== TASK ITEM ==
Each line of the data must be given back verbatim, with pictures removed.

== MATERIAL PROVIDED ==
——

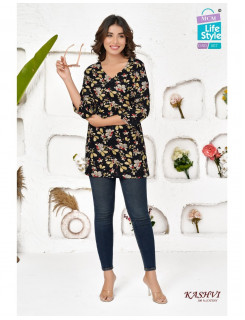 Mcm Lifestyle Kashvi Ladies Tops Catalog at Wholesale Rate
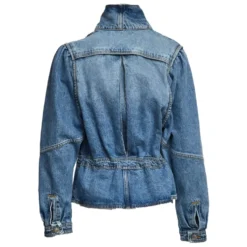 Giacca in denim di cotone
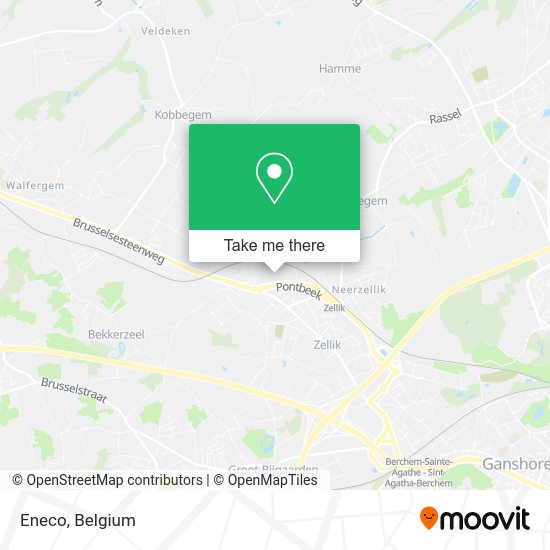 Eneco map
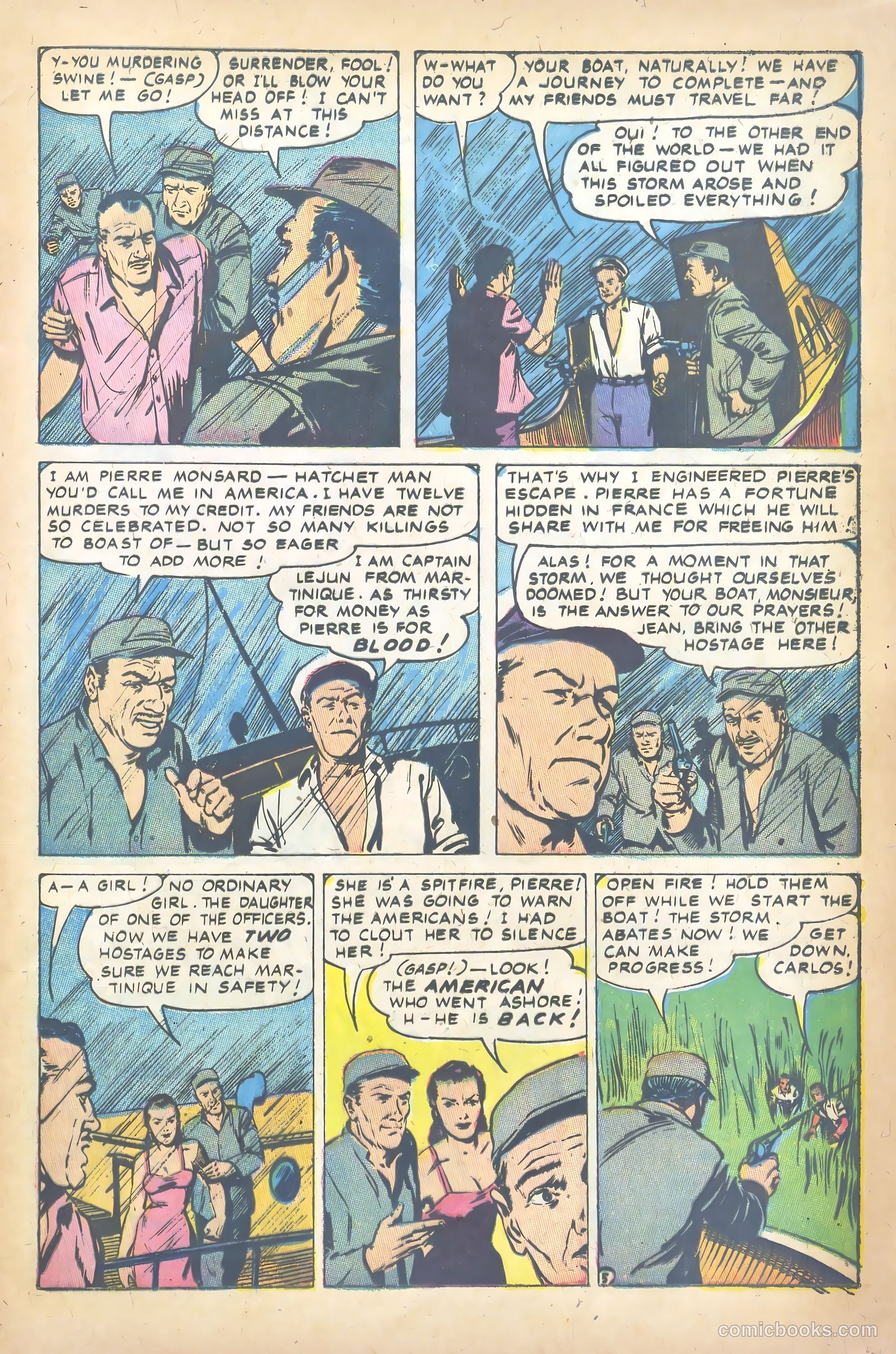 John Wayne Adventure Comics #23 (1953) — page 13 of 36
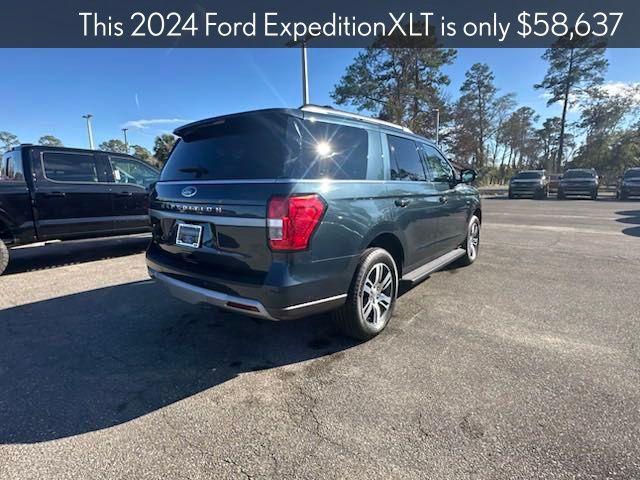 new 2024 Ford Expedition car, priced at $58,637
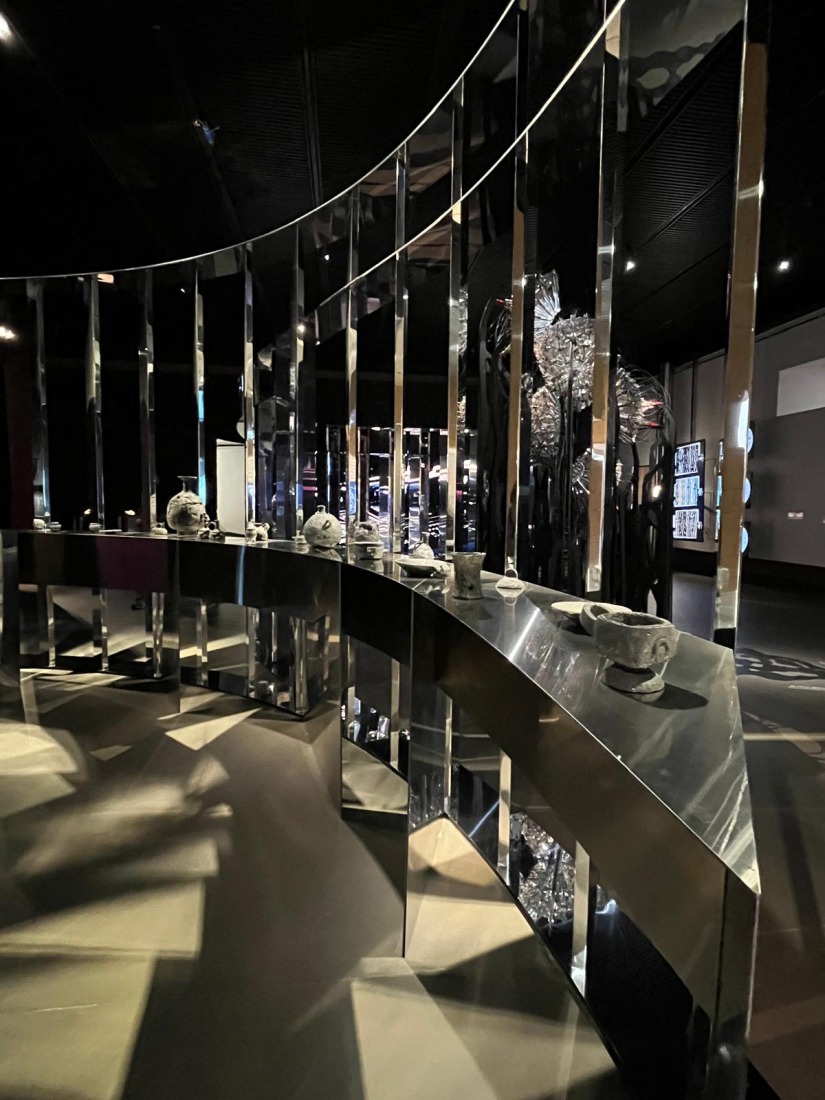 "Of The Earth" Exhibition by studioentropia. Photograph courtesy of studioentropia.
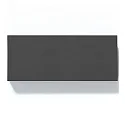 LED Wandleuchte MIMIK 30 A60/W, 30W, 3000K, 2373lm, IP65, IK06, statisch, anthrazit / Glas opal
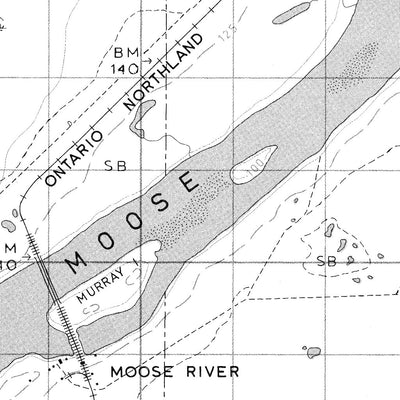 Moose River, ON (042I14 CanMatrix)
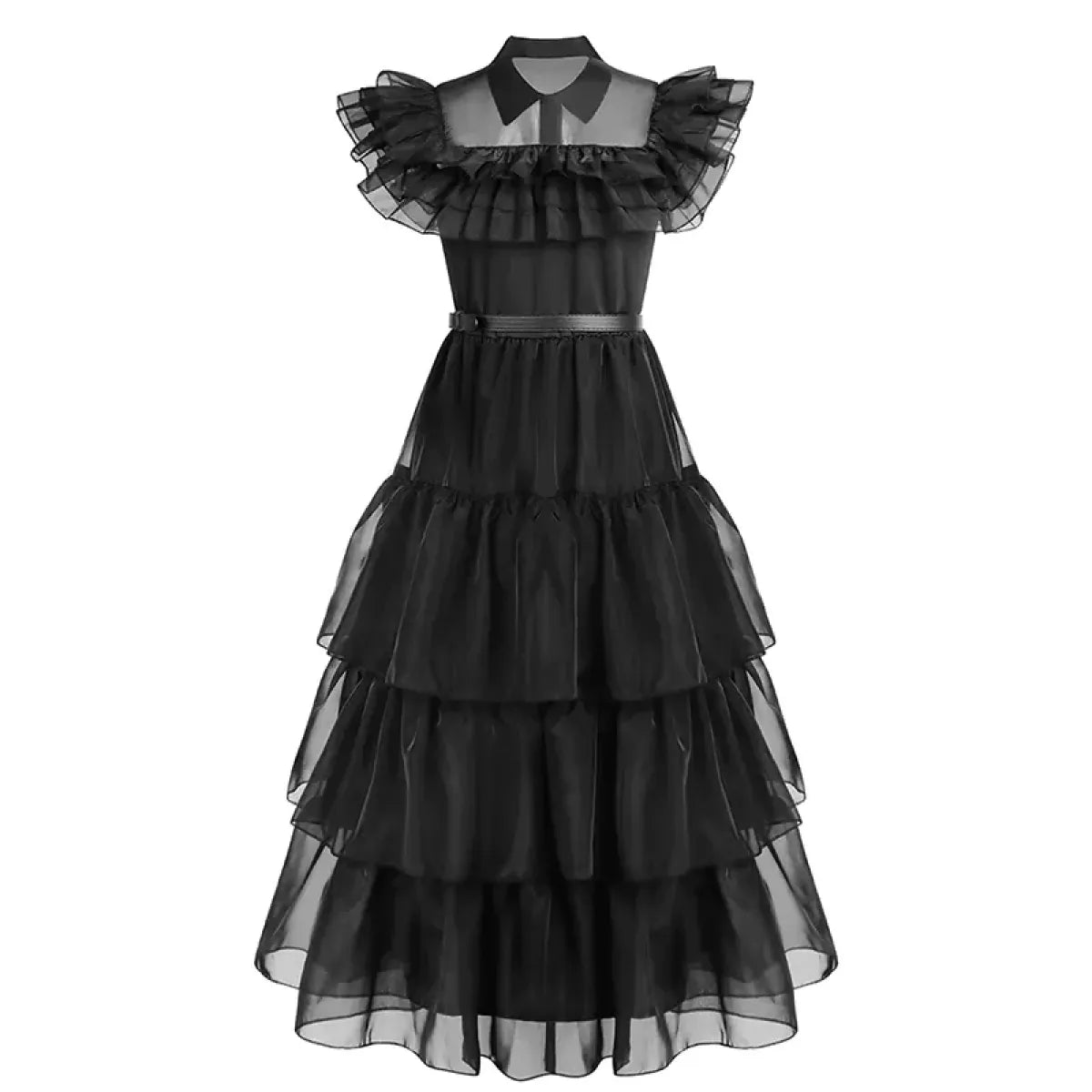 Wednesday Addams Cosplay Dress
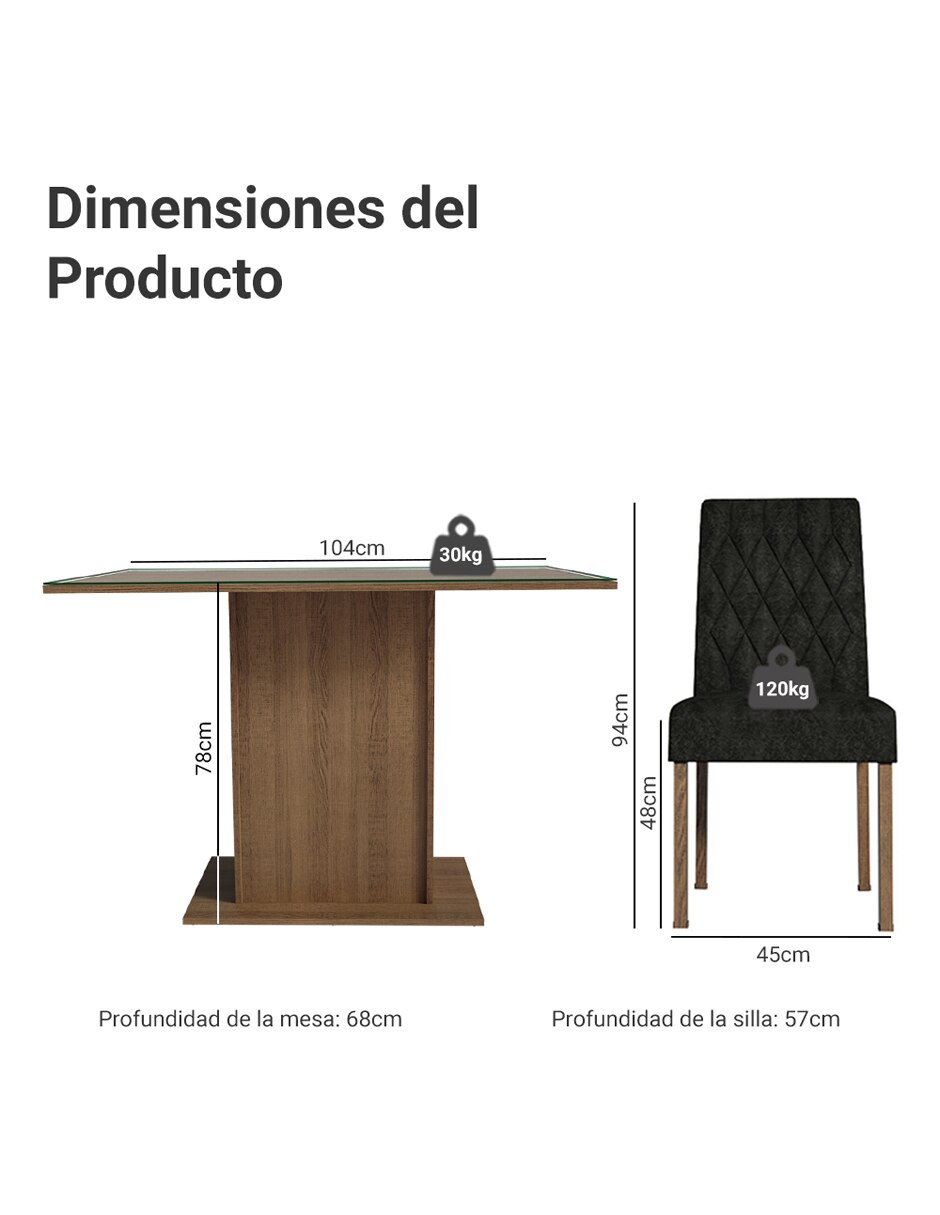 Comedor zion para 2 personas 10
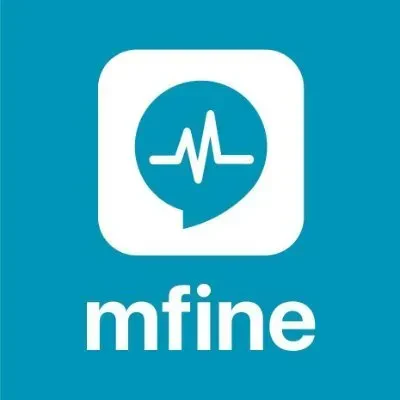 MFine logo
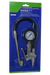 Bissett BFIT-IG Heavy-Duty Tire Inflator Gauge with 12" Swivel Dual Chuck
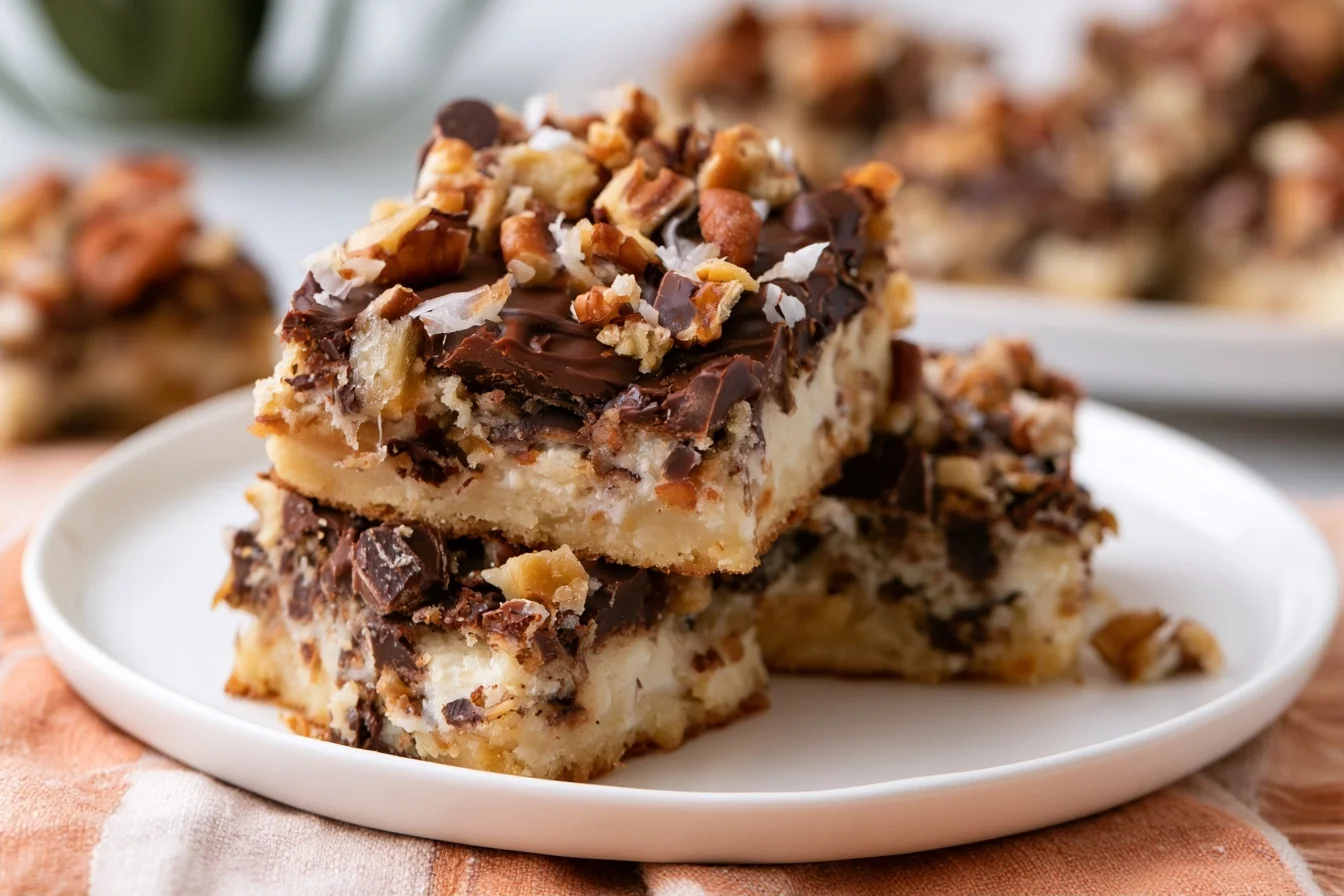 Keto Seven Layer Bars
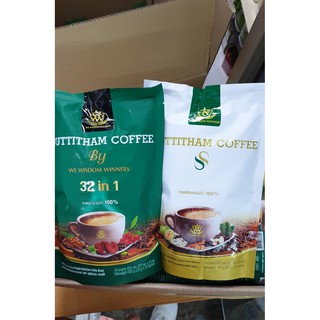 กาแฟวุฒิธรรมเอสเอส Wuttitham Coffee SS 15 ซอง (ห่อขาว)​ 5.0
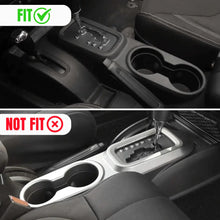 For 2011–2018 Jeep Wrangler JKU 4-Door 18PCS Interior Trim Kit – Dashboard & Center Console Decoration Cover RT-TCZ
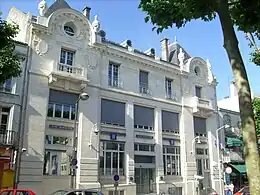 Hôtel des Postes.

——

== RESPONSE AREA ==
 Mcm Lifestyle Kashvi Ladies Tops Catalog at Wholesale Rate
 Giacca in denim di cotone
 Eneco map
 John Wayne Adventure Comics #23 (1953) — page 13 of 36
 new 2024 Ford Expedition car, priced at $58,637
 "Of The Earth" Exhibition by studioentropia. Photograph courtesy of studioentropia.
 LED Wandleuchte MIMIK 30 A60/W, 30W, 3000K, 2373lm, IP65, IK06, statisch, anthrazit / Glas opal
 Moose River, ON (042I14 CanMatrix)
 Wednesday Addams Cosplay Dress
 Comedor zion para 2 personas 10
 MFine logo
 Bissett BFIT-IG Heavy-Duty Tire Inflator Gauge with 12" Swivel Dual Chuck
 Keto Seven Layer Bars
 กาแฟวุฒิธรรมเอสเอส Wuttitham Coffee SS 15 ซอง (ห่อขาว)​ 5.0
 For 2011–2018 Jeep Wrangler JKU 4-Door 18PCS Interior Trim Kit – Dashboard & Center Console Decoration Cover RT-TCZ
 Hôtel des Postes.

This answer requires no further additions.